Hey, Shannon, welcome to the Dave Ramsey Show.
Hey, it's good to talk to you.
You too. What's up?
So my husband and I are on baby step two,
and I've had this rental property from before we got married since I bought it in 2008.
And I'm just trying to decide if I need to sell it.
If I got a buyer that would just buy it out from under me with no profit,
is that better than hanging on to it or just getting rid of the debt, period?
Because I can't seem to sell it and get any kind of profit.
Okay.
So it's not really making you any money either then? Well, I get about $300 and some odd dollars a month from their payments to me, but not anything substantial, no.
So what would it sell for?
I was told by an agent, 99, the highest number I got was 110, but it's not in the best condition.

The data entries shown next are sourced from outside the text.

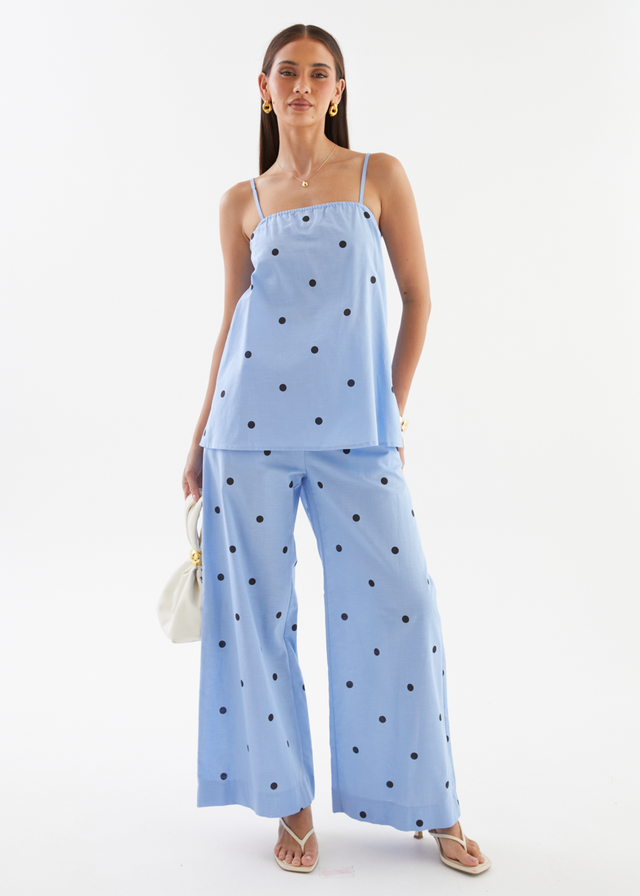 Bryant Pants - Blue Polka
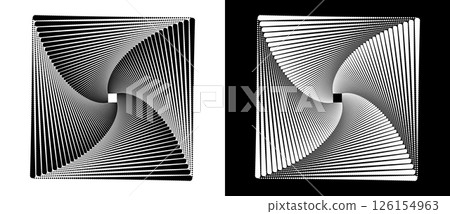 Square with halftone dots. Spiral in geometrical form. Design element or icon. Black shape on a white background and the same white shape on the black side. 126154963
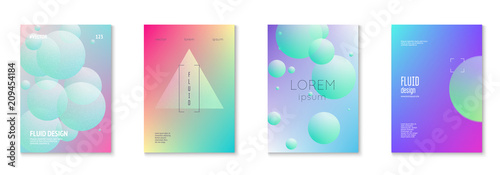 Cover fluid set with round shapes. Gradient circles on holographic background. Modern hipster template for placards, banners, flyers, report, brochure. Minimal cover fluid in vibrant neon colors.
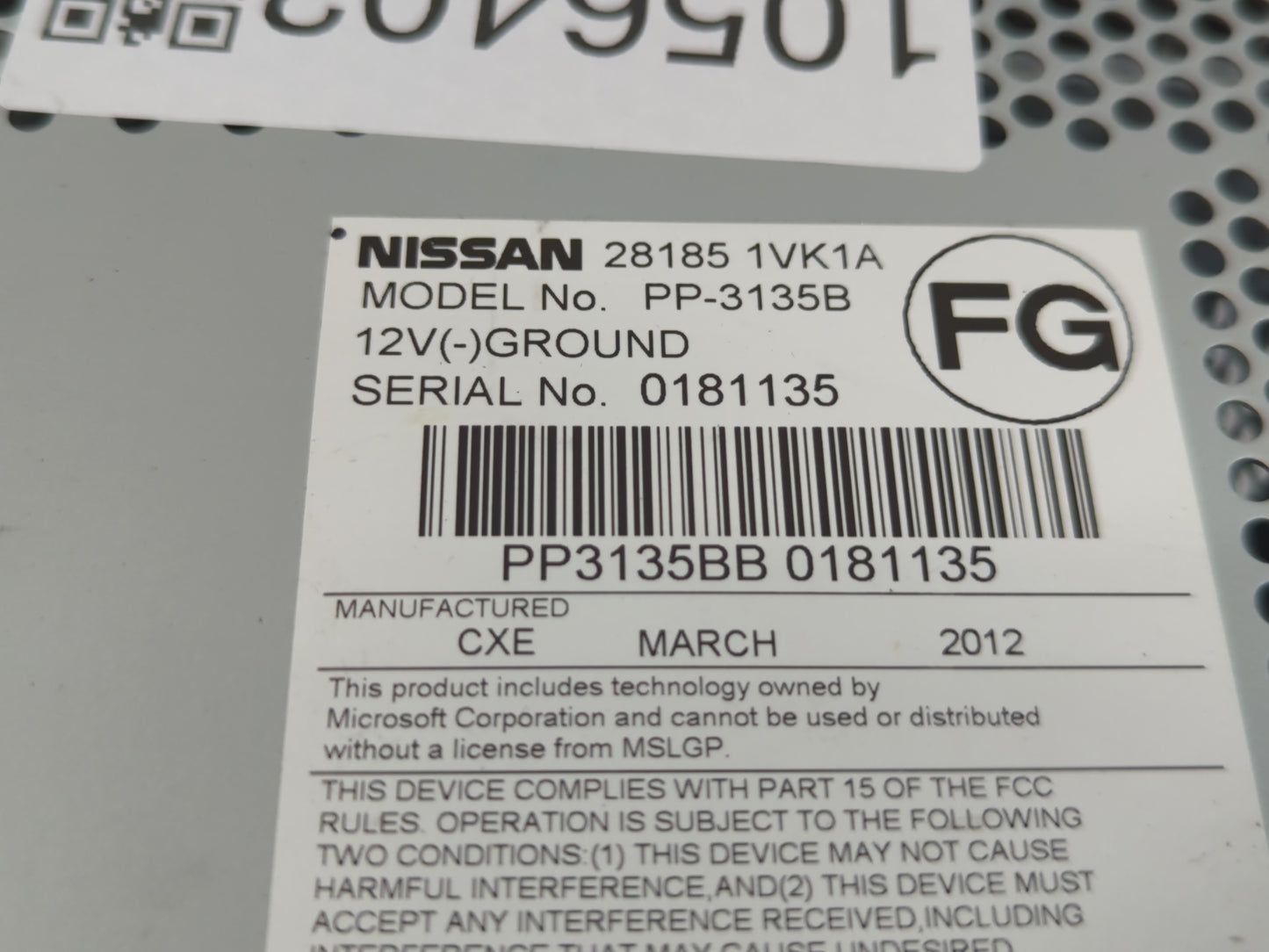 2012-2015 Nissan Rogue Radio AM FM Cd Player Receiver Replacement P/N:PP3135BB 0181135 28185 1VK1A Fits Fits 2012 2013 2014 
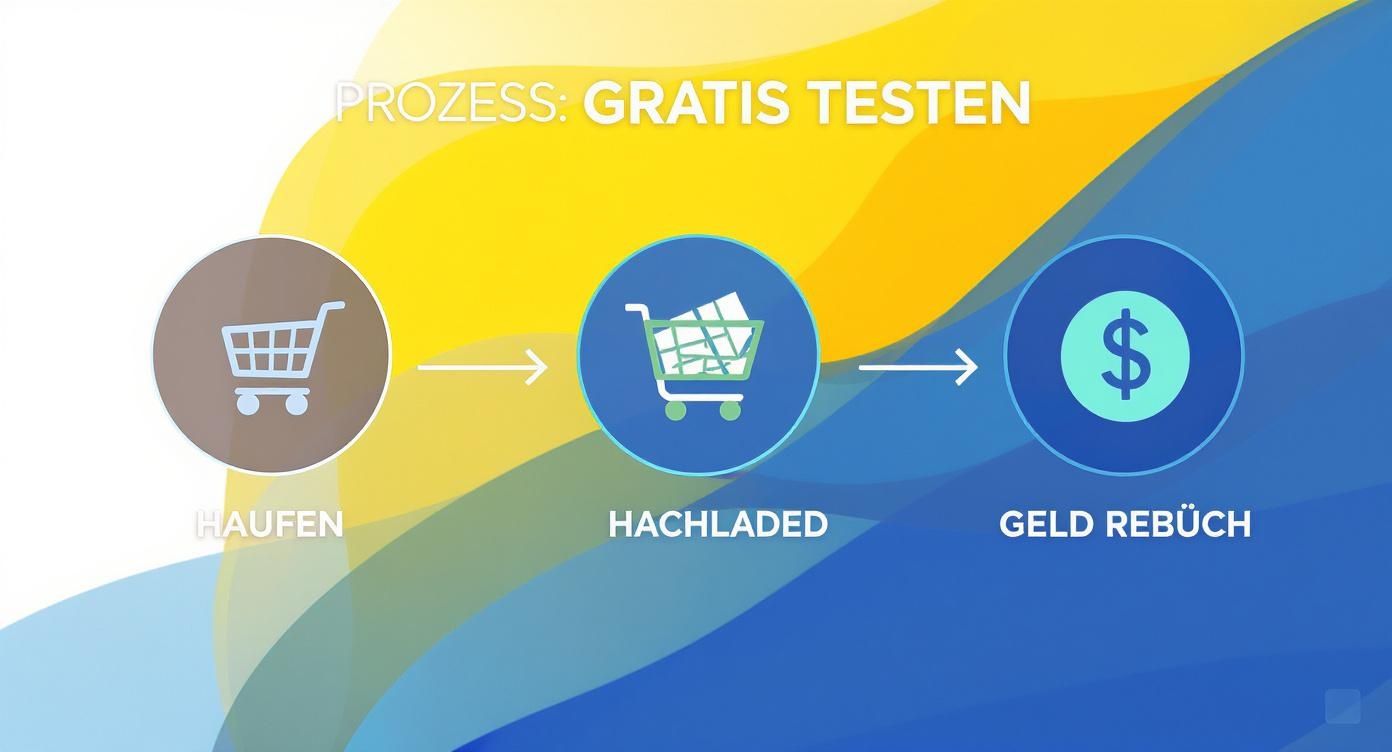 Ein Diagramm zeigt den Prozess 'Gratis Testen' in drei Schritten: Warenkorb, Warenkorb mit Artikeln und Geldzeichen.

And the tenants in it now, they pay like clockwork, but they have kind of just run it down.
This thing doesn't sound like a blessing to me.
Yeah, it's really not.
It's actually been a bit of a burden and but you know there's just
that little bit of money i take in and and just listening to you um yeah but it didn't work all
the time the burden is more than that and it's the property is deteriorating it's not appreciated
um the people are are trashy and, I'm getting rid of this thing.
Okay.
So if somebody says, here's $81,000, and that pays my mortgage off, I'm done with it.
There you go.
Right.
I'm out.
Yeah, I would tap out.
I'd be done.
I like real estate, but I like real estate that makes me smile when I talk about it,
and this doesn't make you smile.
Nothing about it does.
A little bit of money does, but even that, by the time you do a few repairs,
and by the way, when they move out, all that $300 a month you've been collecting
and a whole lot more is going to go back in to put the stupid thing back together
if you keep it as a rental.
John is with us in New York.
Hey, John, welcome to the Dave Ramsey Show.
Thank you, Dave. I've pretty much
been living through your seven rules since 1981 without even realizing until a couple of years
ago when I started following you. Wow. And I'd like to kind of treat myself and retire. I'll be
62 in six months, and I have zero debt. My house is worth about $650,000.
I have no mortgage, and my cars are paid for.
Never paid credit card debt of any kind, interest.
And I have about $2.3 million in just various CDs, savings accounts and I'd like to take out start drawing off my 401k which is
about five hundred eighty thousand dollars at 62 and then at 65 take my
Social Security my wife Social Security and my company's pensions which is about
two thousand dollars a month yeah why not okay I just wanted to get the
opinion from somebody who I respected.
I've had financial advisors tell me that,
and I just don't necessarily trust them because I'm very conservative.
Yeah, you've got plenty of room.
I think it sounds like you've got a couple million dollars,
and some of it's invested poorly.
Yeah, it's in CDs.
It's not doing much.
My parents, I inherited about $600,000 from my parents a year ago,
and it was in an annuity, which I just rolled over.
Yeah.
And unfortunately, that's been impacted now by the stock market.
But, you know, I'll keep it on that.
Yeah, but it's not the other world.
You don't get hurt on a roller coaster if you don't jump off.
I'd be buying right now rather than selling.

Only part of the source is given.